Reputation: 43
Here is a snippet that could help a few 'R beginners' like me: I was referring to this thread for a need on my melted data table:
Replace entire string anywhere in dataframe based on partial match with dplyr
I was looking for an easy way of replacing an entire string in one of the columns in data table with a partial match string. I could not find a straight fit on the forum, hence this post.
dt<-data.table(x=c("A_1", "BB_2", "CC_3"),y=c("K_1", "LL_2", "MM_3"),z=c("P_1","QQ_2","RR_3")
> dt
x y z
1: A_1 K_1 P_1
2: BB_2 LL_2 QQ_2
3: CC_3 MM_3 RR_3
replace multiple values in col y
with multiple patterns to match:
dt[,2]<-str_replace_all(as.matrix(dt[,2]),c("K_.*" = "FORMULA","LL_.*" = "RACE","MM_.*" = "CAR"))
using as.matrix()
on column excludes the warning on input to the str_replace_all()
function.
The result is:
> dt[,2]<-str_replace_all(as.matrix(dt[,2]),c("K_.*" = "FORMULA","LL_.*" = "RACE","MM_.*" = "CAR"))
> dt
x y z
1: A_1 FORMULA P_1
2: BB_2 RACE QQ_2
3: CC_3 CAR RR_3
>
very un-elegant, but worked for me, when the column data is large, this seemed to be a quick solution.
Requires library(stringr)
.
Any suggestions to improve are appreciated.

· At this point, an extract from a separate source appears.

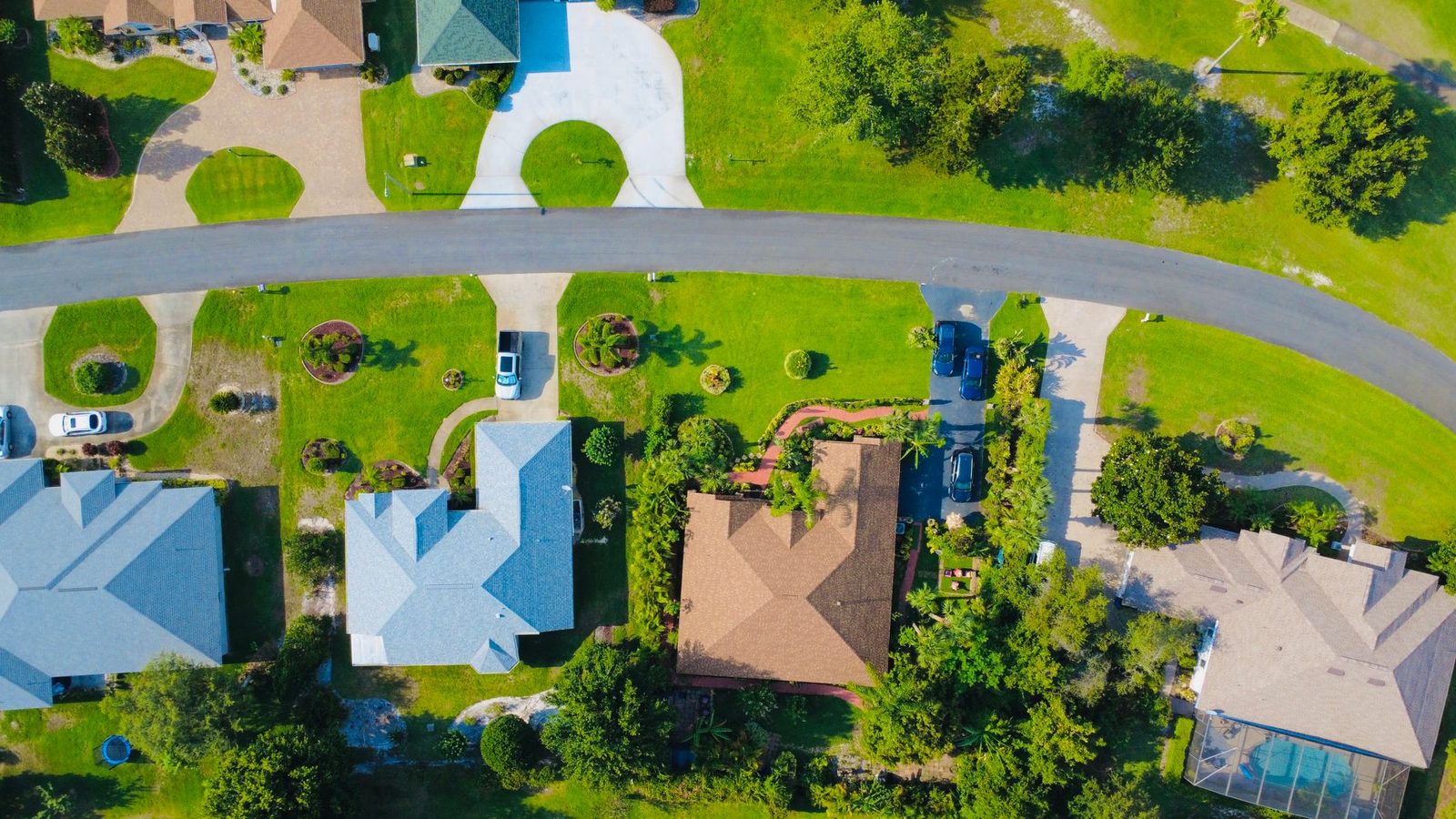 Aerial view of a suburban neighborhood with rows of houses, paved driveways, and green lawns.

Editing this post as I tried something as below:
dt<-data.table(x=c("A_1", "BB_2", "CC_3"),y=c("K_1", "LL_2", "MM_3"),z=c("P_1","QQ_2","RR_3"))
dt[, nu_col := c(1:3)]
molten.dt<-melt(dt,id.vars = "nu_col", measure.vars = c("x","y","z"))
molten.dt[, one_more := ifelse(grepl("A_.*", value), "HONDA","FERRARI")]
The error that I see on Rstudio's console is :
Error in `:=`(one_more, ifelse(grepl("A_.*", value), "HONDA", "FERRARI")) :
Check that is.data.table(DT) == TRUE. Otherwise, := and `:=`(...) are defined for use in j, once only and in particular ways. See help(":=").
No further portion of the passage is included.